My build is 100 x 50 stud work, 95mm PIR between, and 11osb on the outside (glued and screw in place). The PIR will be tapped on the inside and eventually there will be cladding (probably 9mm ply) on the inside.

The outside of the 11mm OSB will be battened vertically and the horizontal weatherboard cladding fixed to this. Is there any benefit in wrapping the walls in building fabric?


----------



## Jones (19 May 2022)

Not really needed the OSB sheathing is a vapour barrier anyway and will be ok if some water gets behind the cladding and on to it as long as the cavity is ventilated. You could have missed out the OSB and saved a bit of cash.


----------



## eribaMotters (19 May 2022)

davethebb said:


> My build is 100 x 50 stud work, 95mm PIR between, and 11osb on the outside (glued and screw in place). The PIR will be tapped on the inside and eventually there will be cladding (probably 9mm ply) on the inside.
> 
> The outside of the 11mm OSB will be battened vertically and the horizontal weatherboard cladding fixed to this. Is there any benefit in wrapping the walls in building fabric?


I do like to hear when a job is being done correctly.

Colin


----------



## Jameshow (19 May 2022)

You could put the osb inside and fabric outside??


----------



## Fitzroy (19 May 2022)

If you can make the change as Jameshow mentions with OSB inside and fabric outside that would be the optimal solution.


----------



## MikeJhn (20 May 2022)

Look up "Canadian Rain Wall" for the definitive solution to a wooden building's construction.


----------



## Br5d (20 May 2022)

It really depends on how long you want it to last. Breather membrane will help protect the osb from water damage.


----------



## Jones (20 May 2022)

Br5d said:


> It really depends on how long you want it to last. Breather membrane will help protect the osb from water damage.


Or equally it may hold water against the OSB, when it's laid directly on boards not spaced off with battens this is more likely to happen.
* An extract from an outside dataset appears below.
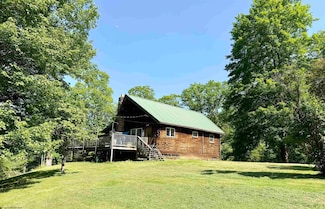 12 Rainbow Plaza, Mannington, WV 26582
Cavity venting as per Canadian thing is important to reduce moisture in the cavity, insect mesh to the top and bottom is worthwhile to keep wasps out.


----------



## Lard (20 May 2022)

I don’t think I’d be using, or trusting, OSB as a vapour barrier, especially if used externally.

Counter batten and ventilated space for me every time.


----------



## PeterSH (20 May 2022)

I would use OSB 11mm on the inside and that is your vapour barrier. Not 100% but close enough for the workshop.

Then insulation between the studs.

Then wrap the outside of the stud work with a breather membrane which lets any trapped moisture escape.

Then batten and clad but not OSB on the outside as it's not breathable.


----------



## Molynoox (20 May 2022)

Anther added advantage of OSB on inside is it's easier to attach stuff to it.
No need for pattresses.
Martin


----------